Here's why the BF outrage is justified: They sell you a full priced game with a mobile game F2P scheme. In addition to locking away half the content behind a season pass AND being a yearly franchise.
Actual day-1 game mechanics and characters are locked behind a painfully slow grind and you have the option to buy faster progress with real money. This is something I can begrudgingly accept with F2P games because they somehow have to make money, but a full priced release with a full priced season pass in a yearly frenchise? This is truly unprecedented. In Rainbow Six Siege they did a similar thing, but the way they did is was to release a $15 version of the game that had painfully slow unlock progress and you could buy progress accelerators or individual characters once you realized your mistake, or you could just buy the full priced game and unlock pretty much everything within a month. It's very personal how much of this BS you are willing to take, but Battlefront2 got all of it and to no surprise to anyone, people are not happy.
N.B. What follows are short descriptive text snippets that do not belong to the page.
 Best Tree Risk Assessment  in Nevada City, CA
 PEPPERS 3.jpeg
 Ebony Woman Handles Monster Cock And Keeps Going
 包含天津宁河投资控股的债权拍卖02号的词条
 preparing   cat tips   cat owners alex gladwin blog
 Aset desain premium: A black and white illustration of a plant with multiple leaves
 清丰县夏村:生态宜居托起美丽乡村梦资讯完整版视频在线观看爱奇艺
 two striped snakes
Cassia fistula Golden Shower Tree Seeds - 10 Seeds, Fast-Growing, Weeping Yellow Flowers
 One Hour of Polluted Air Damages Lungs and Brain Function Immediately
On the downside: They will backtrack and after a huge amount of negative press there will be a truckload of "oh well, ok then" press and I can't imagine this game doing poorly. No Man's Sky made millions and that game is universally hated. Marketing is everything.
If people don't do that then it's their fault, not anyone elses. If a company takes the piss they lose customer loyalty & it's a bad long term decision, this probably won't be.

If making a decision makes you more money as a business why should you not be allowed to do that? F2P is still in very early stages so if developers are making poor decisions to exploit this then they will be damaged as a result.